Brian Martucci, a finance editor at Money Crashers, recommends opening up a tax-advantaged IRA with a reputable broker. "You can contribute up to $6,000 per year (or $7,000 if you’re over age 50) to a traditional IRA, which is a nice boost for your nest egg.”

In addition to a traditional IRA where taxes on contributions will be due upon withdrawal, other retirement savings options include:

  • Employer-sponsored 401(k)
  • Solo 401(k)
  • Simplified-Employee Pension (SEP) Plan
  • 457(b)
  • Roth IRA
  • SIMPLE IRA
  • Health Savings Account (HSA)

Richard Hill of Compass Financial Group recommends going with a Roth IRA. “With a high probability of tax rates going up in the future, tax-free income will be especially valuable. Roth IRAs provide income free from federal and state taxes provided you are 59 ½ and at least five tax years after the first contribution to any Roth IRA you own. This means adding $1 to ANY Roth IRA starts the five-year clock ticking on ALL Roth accounts.”

3. Have a Plan B

Whether you are ready to retire or have recently lost a job, it’s always advisable to have a backup plan in a time of need. As the lead advisor for Compass Financial Group, Hill highlights the importance of having a Plan B as part of your 2021 strategy. “While the average worker estimates they will retire at age 65 or 66, the actual average retirement age is closer to 62. A good financial plan should run 'what-if scenarios' that consider early work stoppage due to health conditions or unexpected layoff.”
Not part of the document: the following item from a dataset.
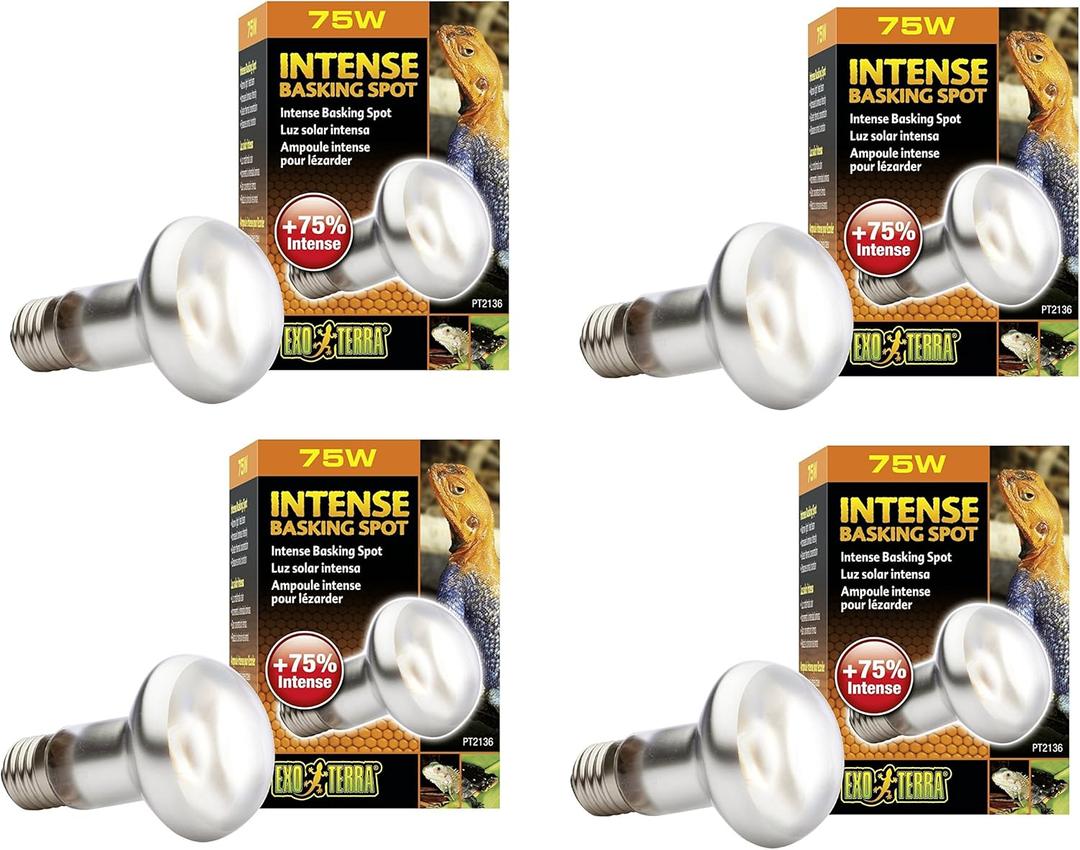 Exo Terra Sun-Glo Basking Infrared Spot Lamp, 75-Watt/120-Volt (4 Pack)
If you are not ready to retire but have lost your job or are concerned with job security, now may be the right time to look into a new career path, or at the very least, explore your options by doing some freelance work. Being an independent contractor and your own boss comes with its own set of benefits. And setting up an LLC or S Corp can help provide added security during uncertain times.

For those close to retirement age, there may still be the need to continue working for a variety of reasons, including financial reasons and the need to remain socially engaged. Whether you are ready to retire or not, Hill suggests that your financial plan for 2021 "should consider the possibility of part-time work in retirement if your health is good to help you achieve your goals."

businessman working on steps with laptop

4. Look for New Opportunities

Pay attention to your investments. Although the stock market has seen wild swings, some companies, including Amazon, Zoom and Apple, have proven to be resilient and have seen an increase in value. Others, such as airline, entertainment, hotel and cruise stocks, have experienced steep declines.

Ty Crandall, the CEO and founder of Credit Suite and author of two best-selling books on consumer and business credit, also sees 2021 as an opportunity for real estate investment. With the sudden shift to remote work, many companies no longer see the need to maintain large offices. Many small business owners and residential property owners may also be forced to sell, downsize or go into foreclosure. This, according to Crandall, “provides some amazing opportunities to buy residential and commercial properties as an investment at very low prices.”

5. Plan Ahead for Taxes

Don’t neglect setting money aside for taxes. Financial advisor Lorrie Delk Walker suggests putting 20 percent of your earnings in a savings account to cover your tax bill. Tracking your expenses and receipts is also important. “For those just starting out, it can be as simple as an envelope system where you have envelopes for office supplies, meals/entertainment, auto repairs, gas, equipment purchases, etc.” Lorrie also recommends working with a business tax consultant or bookkeeper to help identity what expenses you should track for tax purposes.

Making financial decisions can be difficult, and any missteps can cost thousands of dollars. For support and advice, consider working with a financial planner or an investment advisor to ensure that you are taking advantage of investment tools and tax advantages. For many across the country and around the world, 2020 cannot end soon enough. With a financial and business plan in place, and a strategy for a post-COVID world, businesses and individuals will have a clearer path moving forward.